John’s views on euthanasia are in sharp contrast to that of his character Ashley. Like his character, John is softly spoken, but the similarities end there.

“If you have a terminal illness and you know that the following days or years are going to be painful and undignified than you have every right to seek a better way out. But I understand as well, the argument against it. It could be seen as a thing you ought to do to remove an inconvenience for everybody else. In many ways it’s good that it’s against the law because it’s an option that just isn’t there for you. Then again you see some people suffering beyond what we would normally allow even an animal to suffer. It just doesn’t seem right.”

When I offered the option of choosing to play any other Emmerdale character past or present, he replied: “Every actor will tell you they want to play a baddie; I’d love to play Cain. From the age of 14, I wanted to be an actor, and I flew at it like an arrow. There were various things that stood in my way. My school wasn’t exactly encouraging about it and my parents were worried that I was entering an incredibly insecure profession.”

An active member of the Labour Party, in his younger days John stood for council. Maybe he has a calling to enter the political arena after his departure from the Dales?

“When I was living in the North East I did stand to be a councillor for North Tyneside Council. I got beaten, which is probably quite fortunate because it was around the same time that I got offered
the role in Emmerdale.”

There’s no delay in his answer when I ask him what he’ll miss most about Emmerdale. “The people. They’ve become like a huge family. When you have spats, you get over them quickly like you would do in a family as you’re all working together. So you get an incredibly strong connection. I’ll miss them in ways that I don’t properly understand now. It’s something that will hit me when I leave, and I have no idea when that will be. It’s important that we play the story out in a timeframe that is accurate.”

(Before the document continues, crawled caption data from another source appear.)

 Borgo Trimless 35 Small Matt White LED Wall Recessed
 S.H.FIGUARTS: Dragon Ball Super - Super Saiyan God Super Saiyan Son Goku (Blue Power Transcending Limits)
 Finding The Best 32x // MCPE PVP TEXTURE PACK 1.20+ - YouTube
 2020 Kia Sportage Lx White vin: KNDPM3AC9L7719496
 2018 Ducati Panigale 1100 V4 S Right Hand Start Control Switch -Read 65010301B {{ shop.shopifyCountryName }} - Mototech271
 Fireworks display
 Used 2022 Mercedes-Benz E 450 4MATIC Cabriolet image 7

The recent death of actress Shirley Stelfox, who played Edna, left John ‘mentally shocked’. He says: “We knew Shirley was gravely ill, but we were shocked by the speed in which the illness progressed. In some ways it was merciful that it wasn’t long and lingering. Shirley was so utterly committed to her job. She never stopped talking about Emmerdale. She was an avid watcher of the show. When she feared that she might not see the Christmas episodes she asked for advance copies.”

John confesses to being an ardent news watcher. He loves documentaries and also, like me, he enjoys a Bond movie, especially Spectre, and prefers Connery over Moore. When I ask him if he fancies auditioning as the next Bond… “Ow, give over!” he laughs. “I enjoy all the great TV dramas being made at the moment,” he admits. As an actor, I’m champing at the bit. I believe we’re in the golden age of drama, so in many ways there’s been no better time to be a screen actor.”

John readily admits that many of his scenes often leave him emotionally exhausted, “If you’re in a story like that you’re also very busy. You’ve just got to pick yourself up, learn your lines, go to bed and in the morning start all over again. Sometimes a day on the Emmerdale set will me just saying ‘Pint please, Diane’ and my work is done.” I’m also lucky as I have a very good home life and supportive wife. I’ve recently moved to Harrogate so I get to go home every evening as opposed to just weekends.

Despite being in Emmerdale for almost 20 years, John is a jobbing actor who is used to finding work as it comes. “I find it oddly exciting. You never know what’s around the corner. I look forward in the future to be playing different characters. The interesting thing is as you alluded to it in your opening remark; playing Ashley almost is like playing many characters as you explore every aspect of a character in a show like ours. You’re faced with so many different dilemmas. When all said and done, actors are storytellers.”